До тех пор пока не подошли к самому источнику указанных противоположностей, все попытки устранить их приводили либо к мистицизму, либо к рационализму. Так продолжалось вплоть до Канта, который, правда, тоже определенно не разрешил данного противоречия, но подготовил почву для его разрешения тем, что эти противоположности, созданные чисто рассудочным подходом к существующему в действительности, он резко и определенно противопоставил друг другу; если бы Кант в конце концов не попытался найти мистическое (трансцендентальное) разрешение рассматриваемой нами проблемы, то, вероятно, преимущество его точки зрения казалось бы еще более значительным.
На протяжении двух тысячелетий, от Сократа до Канта, люди жили верой в то высшее начало, которые древние мудрецы считали мировой душой. Однако постепенно это начало стало принимать образ божества, идея которого также была недоступна человеческому пониманию. Таким путем мало-помалу улетучилась та гармония земного мира, на которой покоилось учение пифагорейцев, уступив место гармонии трансцендентального мира. Уже у Платона источником единства мира является демиург, творец всего мира, эманацию которого представляют собою небесные светила. Человек же, согласно его учению, — маленький бог, существующий сам по себе, созданный по образу бессмертных богов и как бы воплощающий в самом себе все единство мира.
У Аристотеля можно найти только отрывочные представления об этой мировой душе. Он говорит, например, о душе растений. Для него, так же как и для Платона, государство — живое существо, субстанция, которая «заключает в себе принцип движения и имеет склонность к изменениям». Таким образом, государство стало предметом естествоведения, который должен быть исследован тем же методом, как и все живые существа вообще, т. е. при помощи экспериментального анализа.

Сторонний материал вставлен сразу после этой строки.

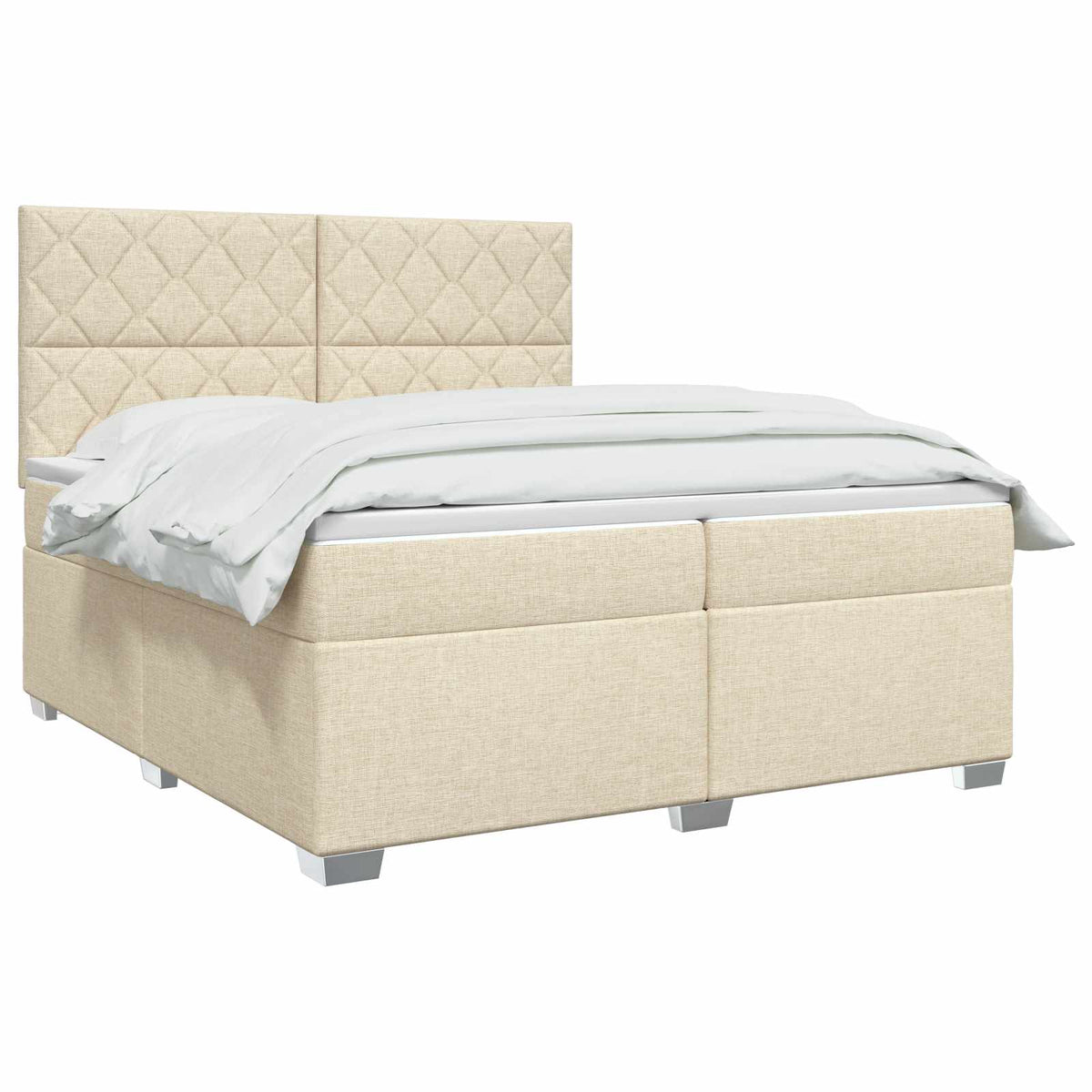 Boxmadras med topmadras Cremefarvet 200 x 200 cm Stof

Впрочем, у Аристотеля имеются на этот счет и другие подобные же указания; так, например, он говорит, что рабы — члены организма семьи, «часть своего господина, как бы самостоятельно существующая часть его тела». А о народном собрании он говорит, что это — единое сознание, единый разум. Совещание, в результате которого получается единое общее решение, есть не что иное, как совещание отдельного индивидуума с самим собою — с той только разницей, что коллективный человек проявляет больше мудрости, потому что он обладает большим числом органов и более обширным и разносторонним опытом.
Аристотель ясно высказывает также ту мысль, что механическое соприкосновение отдельных частей имеет мало значения и что организация базируется преимущественно на жизненных взаимоотношениях. Таким образом, и у Аристотеля имеются указания на то, что отдельные группы людей должны рассматриваться как организмы, но представление о всечеловеческом организме отступает у него на задний план, и о всеобщей мировой душе он более не говорит.

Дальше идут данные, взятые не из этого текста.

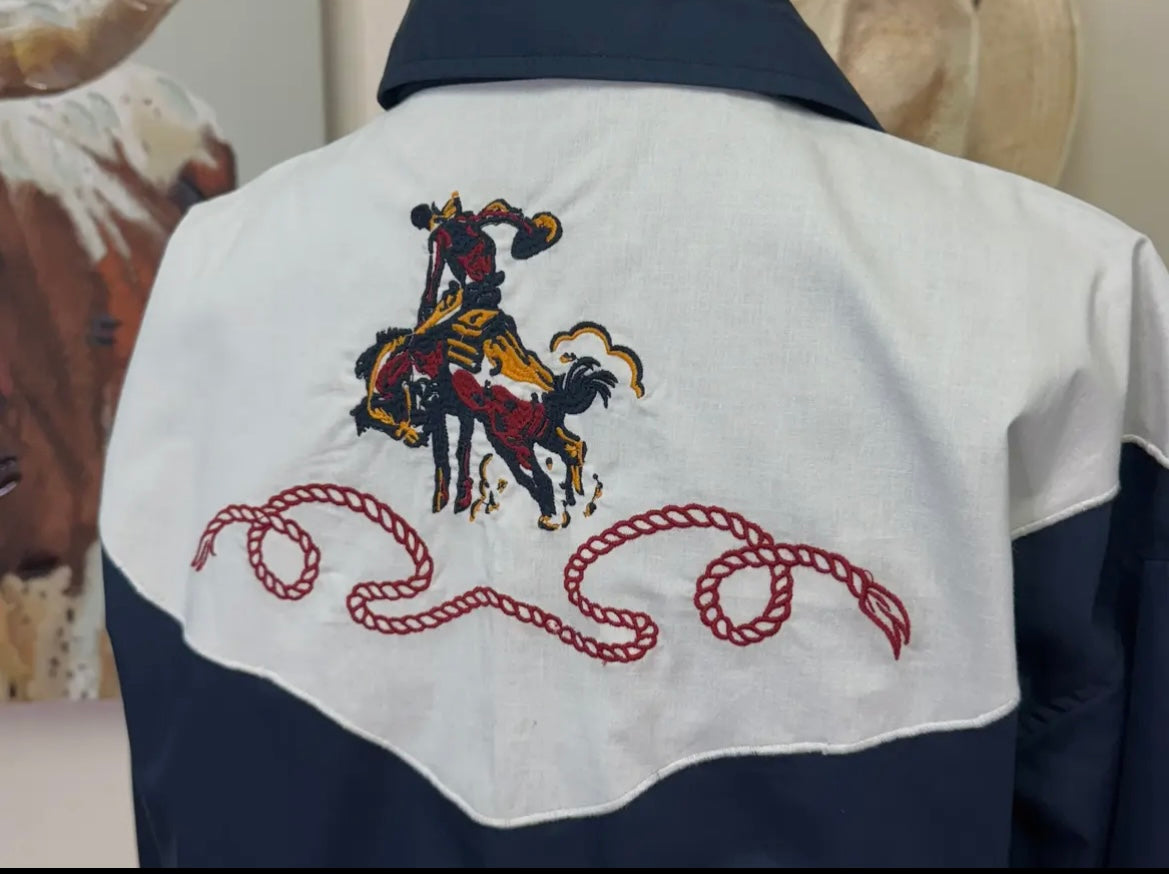 Navy Bronco Button up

Эта мысль была выражена более отчетливо у стоиков, у которых пневма (pneuma — нечто движущееся и мыслящее) обнимает весь мир и потому представляет собой более интенсивно прочувствованное преобразование понятия старой мировой души. К этой концепции примкнули впоследствии Платон (рассуждающий об единстве отдельных душ), манихеи и христиане, в особенности Ориген.
Христианство верило в «пневму гагион» (pneuma hagion), в святую, животворящую и воодушевляющую силу, объединяющую все отдельные души. Эта «пневма» была, однако, не душой мира, но телом его, о котором апостол Павел выразился так: «Подобно тому как на нашем теле имеются разные члены, и все они действуют не одинаково, так и все мы составляем тело Христово, а по отношению друг к другу мы — члены единого тела». Это лучшее из существующих и, во всяком случае, самое яркое определение организма и взаимоотношений его частей.